LabelboxJanuary 31, 2023

Introducing natural language querying, a new navigation experience, and more

This month, we released several updates that help you explore and make sense of your data, better navigate our platform, and easily debug model errors. From introducing natural language querying to an updated navigation experience, we're focused on helping you solve your AI and data problems. Read on to learn more about the newest features and capabilities in Labelbox.

Explore and make sense of your data

Searching for and understanding data can be challenging for even the most advanced AI teams. You can leverage Labelbox Catalog to extract key insights from your data or to curate specific slices of data to improve or train you model.

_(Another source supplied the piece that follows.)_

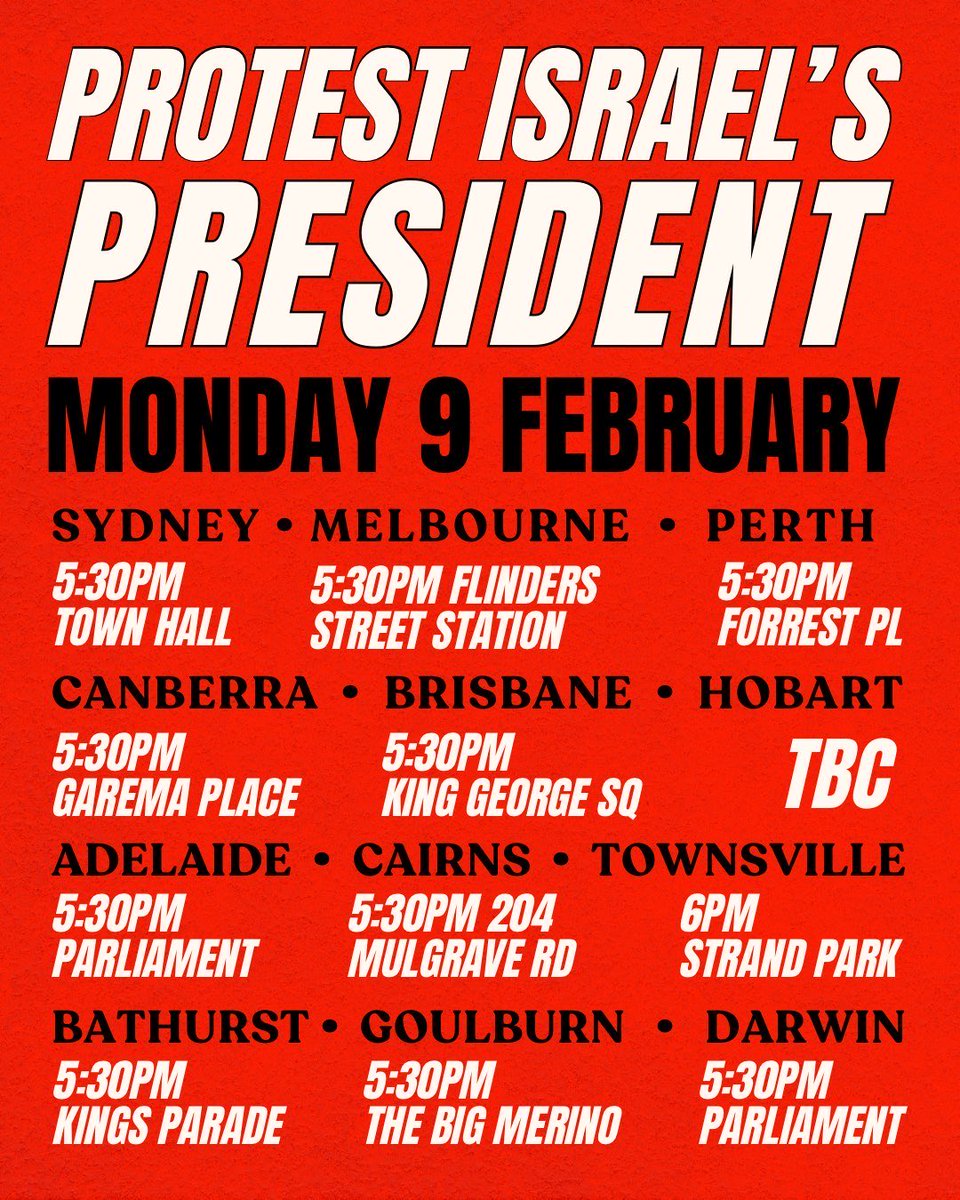 MaryKostakidis's tweet image. Nationwide protests against Herzog visit on Monday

ML use cases can be niche and often require training your model on specific data in order to improve model performance or inform critical next steps. With Catalog, you can search, visualize, and make sense of the right information.

In beta: Surface data in seconds with natural language querying

  • Natural language search refers to using a natural language, such as English, to query a database with a phrase or word that describes the information you’re looking for
  • If you’re a current Labelbox user, you can now use natural language to query and surface specific data rows
  • Powered by CLIP embeddings, you can leverage natural language search on images, tiled imagery, and on the first page of PDF documents
  • Simply type an English text query, such as “blue jeans" or "black jeans", to quickly bring up all instances of images that match the particular phrase or word

In beta: Search for specific phrases or words among your text data

  • If you have text data, you can leverage a new filter that surfaces both exact and partial matches to the inputted text
  • With the ability to add text of up to 100 characters or 10 words, you can search for specific keywords within your text data
  • While this is currently only supported for raw text files, we’ll be introducing support for HTML, conversational text data, and PDFs in the coming weeks

Combine multiple filters for more granular searches

Rather than searching for data with one filter or on one dimension, you can layer multiple filters to search across your database – learn more about all available filters in Catalog here.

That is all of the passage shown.